EXERCISE>
From the line that contains "Cool, showery weather" to the end of the entries, copy each line exactly, though the pictures stay out.

[DATASET EXTRACT — start]

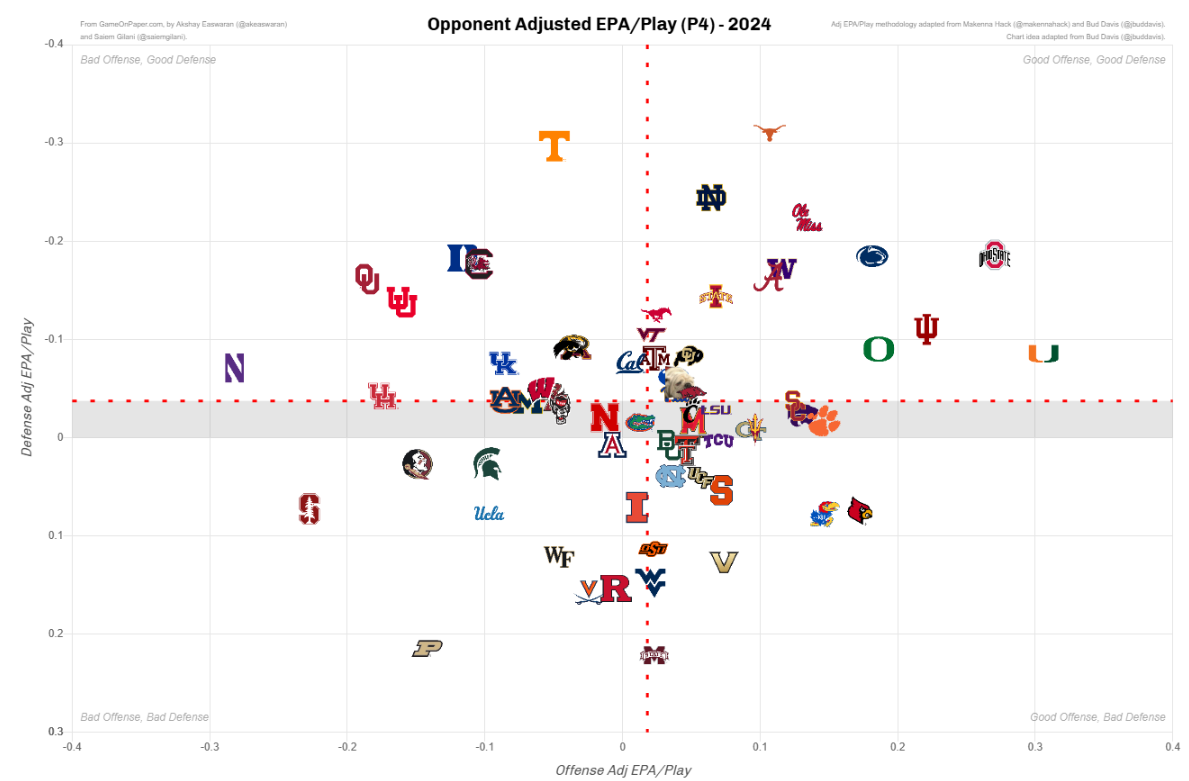 College Football Advanced Analytics Thread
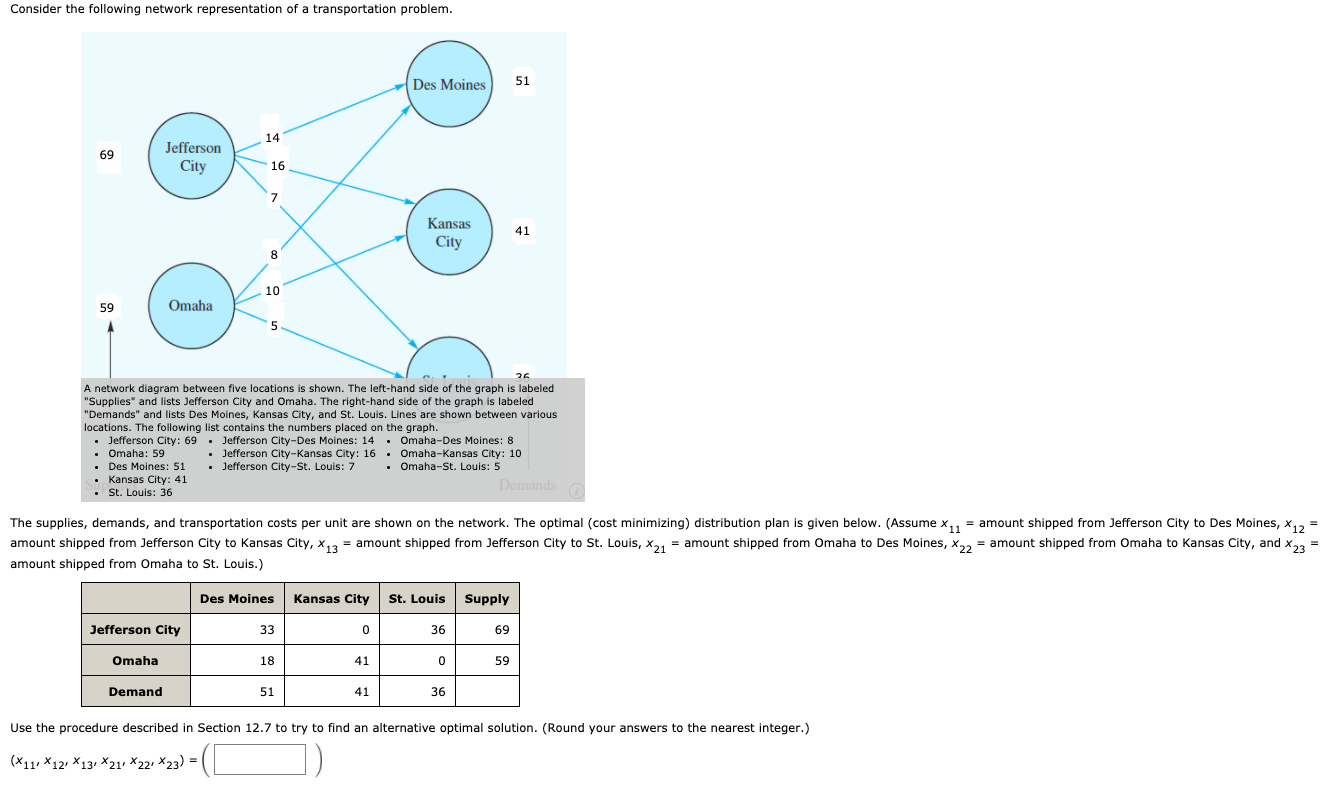 Solved Consider the following network representation of a | Chegg.com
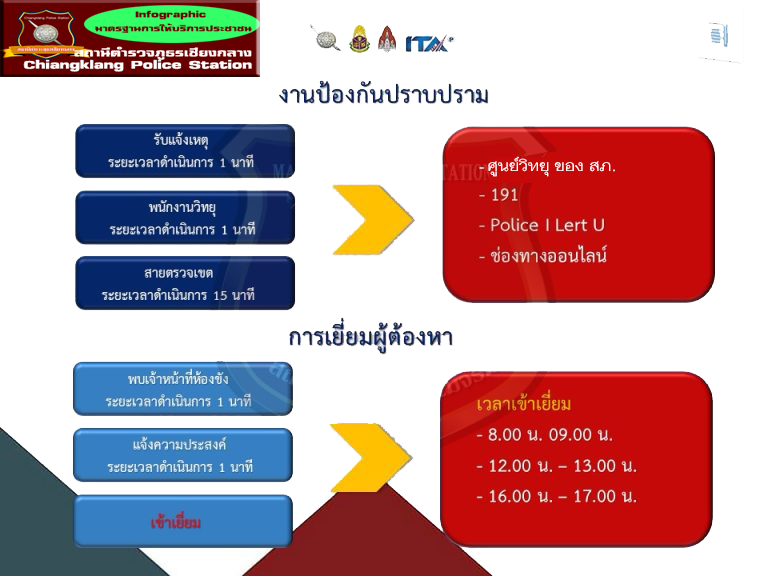 สไลด์1-768x576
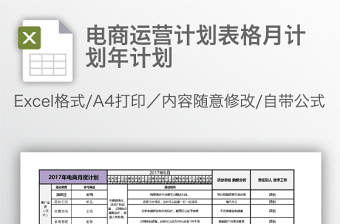 电商运营计划表格月计划年计划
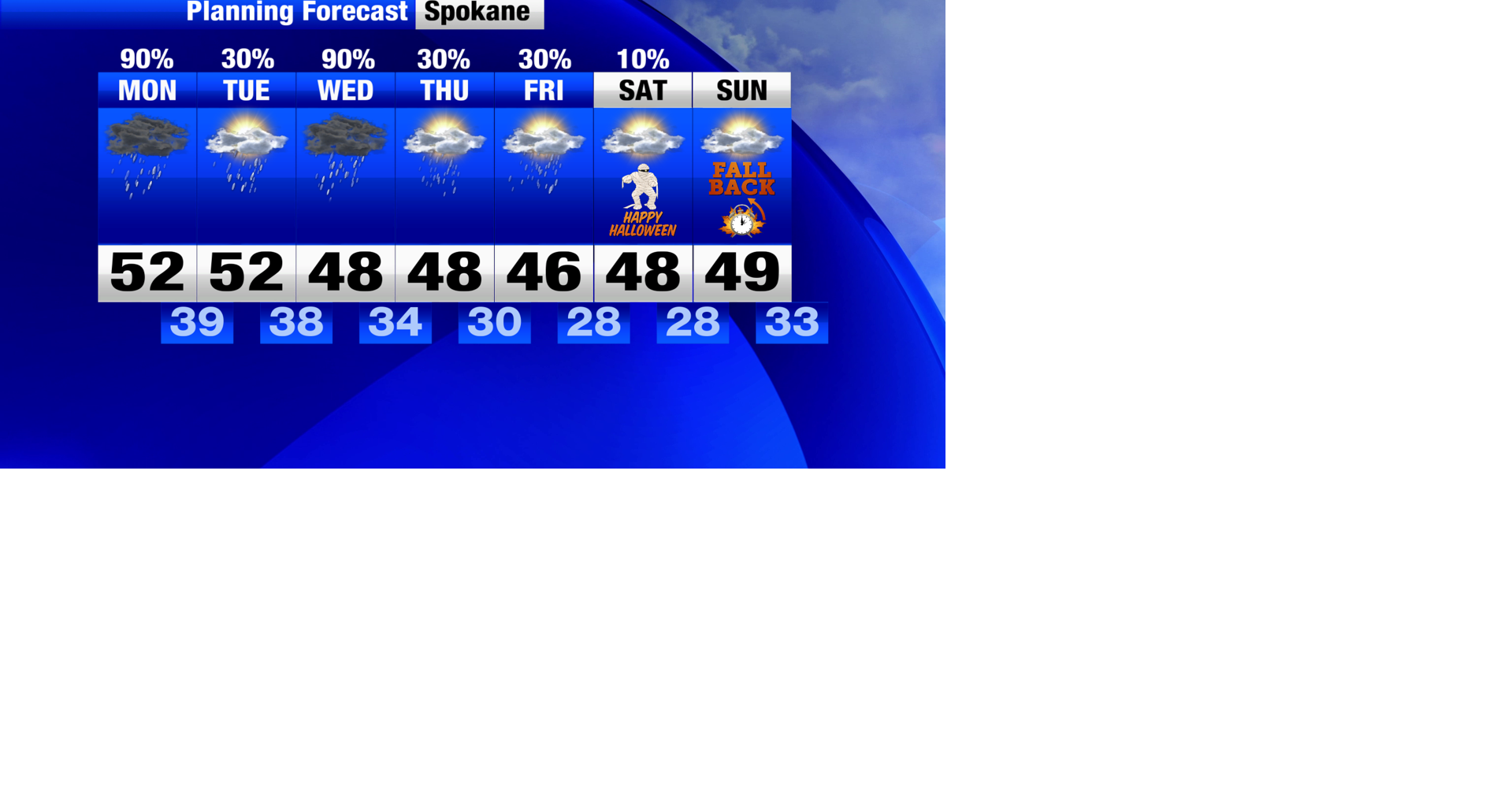 Cool, showery weather for the last week of October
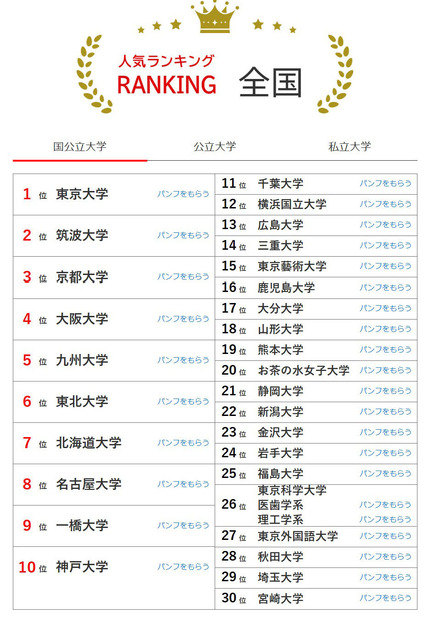全国大学人气排行榜（5月31日统计）国立大学
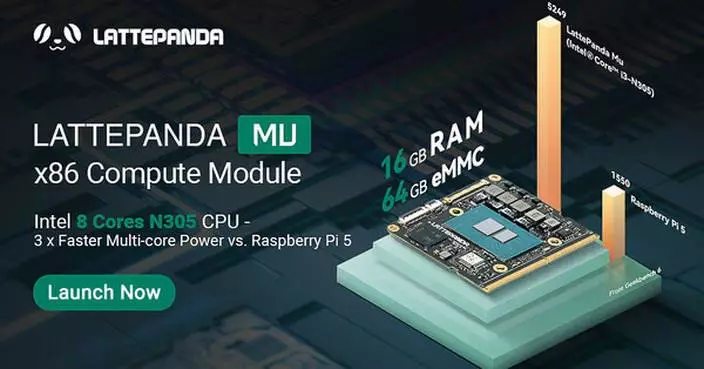 LattePanda Mu: High-Performance Micro x86 Compute Module with Intel 8-Core N305 CPU and 16GB RAM Now Available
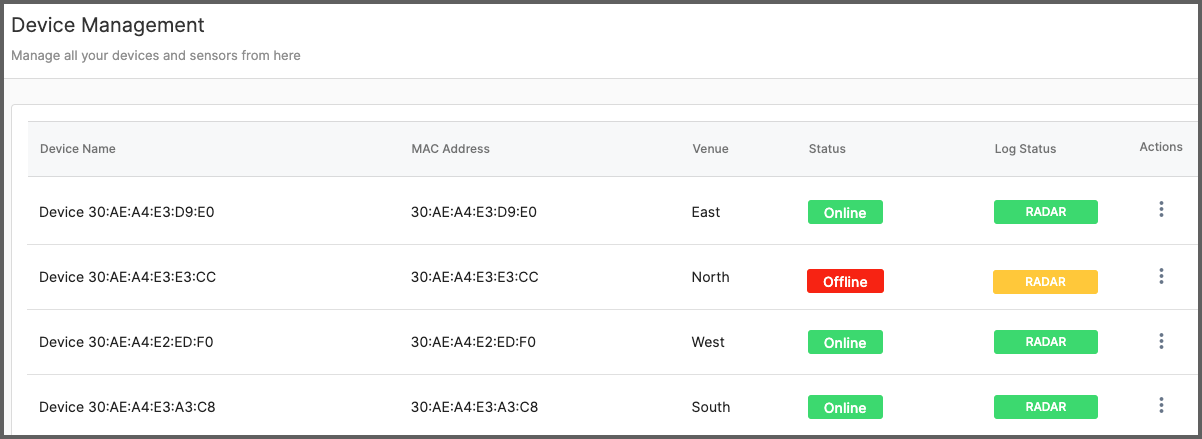 Radar Analytics Platform- Device Management - Quick Start Guide 2.png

[DATASET EXTRACT — finish]

REPLY>
 Cool, showery weather for the last week of October
全国大学人气排行榜（5月31日统计）国立大学
 LattePanda Mu: High-Performance Micro x86 Compute Module with Intel 8-Core N305 CPU and 16GB RAM Now Available
 Radar Analytics Platform- Device Management - Quick Start Guide 2.png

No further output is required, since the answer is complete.